Violentes et sanguinaires, les oeuvres anciennes sont plébiscitées. Incisives et impertinentes, les créations contemporaines sont gardées à distance. Il faut que le temps fasse son oeuvre lui-aussi, pour qu’elles soient apprivoisées.
Pris de vitesse par le temps qui passe ou qui vient, chacun essaie d’en capter des éclats, d’en faire des images, d’en cerner quelques contours. S’atteler à une construction artistique collective, à une recherche sonore, à une lecture, permet à la fois de se concentrer sur le temps présent et de le dilater par le fait même de la concentration qu’on accorde à l’activité en cours. Apprendre, faire sien, «prend» du temps, nécessite de la persévérance. Construire un projet, se construire soi en construisant avec les autres, fait «gagner» du temps. Dès la mise en route d’un projet artistique et culturel, la pendule est enclenchée, la course contre la montre commence. L’énergie du groupe, le rythme des séances, le désir de parvenir à une concrétisation de ce qui est fait là, tous ensemble, dans l’espace-temps qu’est l’atelier, donnent le tempo, en sont les pulsations. Chaque atelier est un «précipité» d’un ensemble d’éléments dont le temps est le liant, la mesure invisible. Chacun pourra ensuite regarder les oeuvres à l’aune de sa propre perception, de sa propre expérience du «hic et nunc».

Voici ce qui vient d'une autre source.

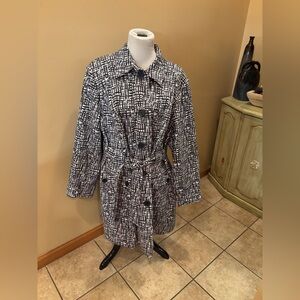Lane Bryant Black and White Women's Coat with Belt Size 22/24W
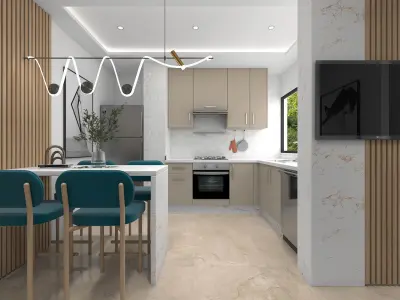 living room interior scene 3D model 3D model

Certains sont marqués à tout jamais par cette fulgurance, d’autres l’oublient.., peut-être. Mais ce temps-là est à eux, à ceux qui l’ont vécu et rien ni personne ne pourra leur reprendre.
Chaque année, grâce au soutien indéfectible de la Mairie de Paris, à la confiance de multiples partenaires éducatifs et culturels, à la générosité des artistes et des enseignants, à ces compagnons de route que sont les membres du Conseil d’Administration de l’association et à une équipe de «rêveurs – réalistes» ou de «réalistes – rêveurs», des milliers d’élèves, d’enfants et de professeurs ont pu se saisir de ces respirations que sont les ateliers, et être saisis par eux ; des milliers de familles ont pu assister aux restitutions. Chacun a donné de son temps pour cette maison située à la croisée du geste et de l’image, cette maison qui les abrite et les fait éclore. Tous méritent un chaleureux salut.
Vive le temps curieux et inventif dont nos jeunes générations sauront faire preuve dans leurs futures réalisations.